Diese sind mal im Bild selbst versteckt, mal im Text dazu – und oft ergeben sie sich auch erst durch die Gegenüberstellung im Buch. So illustriert Bork beispielsweise Polizeikräfte mit einem blauen Plakat auf dem "Dein Freund und Helfer" steht. Und auf der gegenüberliegenden Seite trägt ein Schwein eine Polizeimütze. "Tiertrainierende bringen Schweinen und Schafen bei, was sie tun sollen", schreibt er dazu. "Und diesem Schwein hier zum Beispiel wurde beigebracht, eine lustige Mütze zu tragen."
"Easter Egg" nennt man Geheimbotschaften und absurde Gimmicks, die in Videospielen versteckt sind.
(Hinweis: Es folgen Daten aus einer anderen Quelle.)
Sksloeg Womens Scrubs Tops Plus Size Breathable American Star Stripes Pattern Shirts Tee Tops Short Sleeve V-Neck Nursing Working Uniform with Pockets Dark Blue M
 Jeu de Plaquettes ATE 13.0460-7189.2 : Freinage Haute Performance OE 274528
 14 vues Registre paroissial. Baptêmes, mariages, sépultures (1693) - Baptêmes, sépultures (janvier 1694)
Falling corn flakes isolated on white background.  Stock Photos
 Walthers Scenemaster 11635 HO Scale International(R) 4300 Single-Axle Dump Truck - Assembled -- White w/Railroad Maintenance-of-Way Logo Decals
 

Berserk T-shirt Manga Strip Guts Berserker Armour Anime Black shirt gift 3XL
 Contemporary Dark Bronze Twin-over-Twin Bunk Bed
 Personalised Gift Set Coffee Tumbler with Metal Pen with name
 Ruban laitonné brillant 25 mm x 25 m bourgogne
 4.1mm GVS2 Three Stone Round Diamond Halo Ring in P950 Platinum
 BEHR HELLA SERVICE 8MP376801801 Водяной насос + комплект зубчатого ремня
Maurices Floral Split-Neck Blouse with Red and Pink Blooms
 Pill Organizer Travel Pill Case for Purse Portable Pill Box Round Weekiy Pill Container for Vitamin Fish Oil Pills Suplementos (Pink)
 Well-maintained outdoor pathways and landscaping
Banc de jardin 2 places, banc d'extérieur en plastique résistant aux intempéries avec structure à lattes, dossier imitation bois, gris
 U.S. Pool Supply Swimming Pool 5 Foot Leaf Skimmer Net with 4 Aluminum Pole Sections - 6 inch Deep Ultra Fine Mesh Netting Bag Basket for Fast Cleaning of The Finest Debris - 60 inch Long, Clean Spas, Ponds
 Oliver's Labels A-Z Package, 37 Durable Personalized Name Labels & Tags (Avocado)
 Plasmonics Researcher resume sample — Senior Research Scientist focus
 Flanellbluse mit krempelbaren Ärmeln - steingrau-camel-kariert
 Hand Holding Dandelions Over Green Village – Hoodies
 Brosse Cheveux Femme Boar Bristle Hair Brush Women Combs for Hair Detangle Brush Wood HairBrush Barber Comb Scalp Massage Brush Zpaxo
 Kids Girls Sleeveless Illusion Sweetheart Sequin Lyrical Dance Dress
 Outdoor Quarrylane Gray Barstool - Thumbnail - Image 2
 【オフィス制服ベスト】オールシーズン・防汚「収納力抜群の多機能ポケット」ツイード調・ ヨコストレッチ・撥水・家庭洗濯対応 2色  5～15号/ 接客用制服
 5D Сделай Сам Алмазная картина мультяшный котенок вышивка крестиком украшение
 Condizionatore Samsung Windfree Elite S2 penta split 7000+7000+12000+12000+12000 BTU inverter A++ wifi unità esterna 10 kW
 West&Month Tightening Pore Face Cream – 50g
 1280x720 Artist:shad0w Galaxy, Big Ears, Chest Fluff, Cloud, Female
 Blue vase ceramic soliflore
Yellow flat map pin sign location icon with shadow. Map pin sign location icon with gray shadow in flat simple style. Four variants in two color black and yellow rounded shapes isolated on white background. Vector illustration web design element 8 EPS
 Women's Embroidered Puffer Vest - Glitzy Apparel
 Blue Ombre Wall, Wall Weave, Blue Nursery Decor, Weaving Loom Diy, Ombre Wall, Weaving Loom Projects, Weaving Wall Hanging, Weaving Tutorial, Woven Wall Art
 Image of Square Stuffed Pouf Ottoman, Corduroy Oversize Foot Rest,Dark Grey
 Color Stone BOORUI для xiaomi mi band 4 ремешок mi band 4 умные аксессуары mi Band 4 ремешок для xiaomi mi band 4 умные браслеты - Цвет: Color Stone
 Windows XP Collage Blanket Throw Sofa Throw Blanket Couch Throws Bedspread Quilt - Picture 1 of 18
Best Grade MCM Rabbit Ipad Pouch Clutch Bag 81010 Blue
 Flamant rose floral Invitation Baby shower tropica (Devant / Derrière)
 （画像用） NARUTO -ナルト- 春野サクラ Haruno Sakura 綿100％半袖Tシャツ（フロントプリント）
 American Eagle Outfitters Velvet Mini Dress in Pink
Bork hat sich dieses Prinzip zu eigen gemacht und in seinem Buch Scherze versteckt, die sich erst bei genauem Betrachten entdecken lassen. Die Sprechblase "Das hat sich ja gelohnt" findet sich beispielsweise bei fünf verschiedenen Berufen, die auf den ersten Blick nichts miteinander zu tun haben. "Sie haben eine große Gemeinsamkeit: Sie werden zu schlecht entlohnt. Darauf will ich aufmerksam machen", sagt Bork.
Dass viele Leser den versteckten Kommentar vermutlich überblättern, nimmt er in Kauf: "Ich tue mich schwer damit, meine eigenen Witze zu erklären. Da nehme ich lieber das Risiko in Kauf, dass nicht alles verstanden wird. Und außerdem finde ich es großartig, wenn Menschen auch beim 15. Ansehen noch etwas Neues entdecken."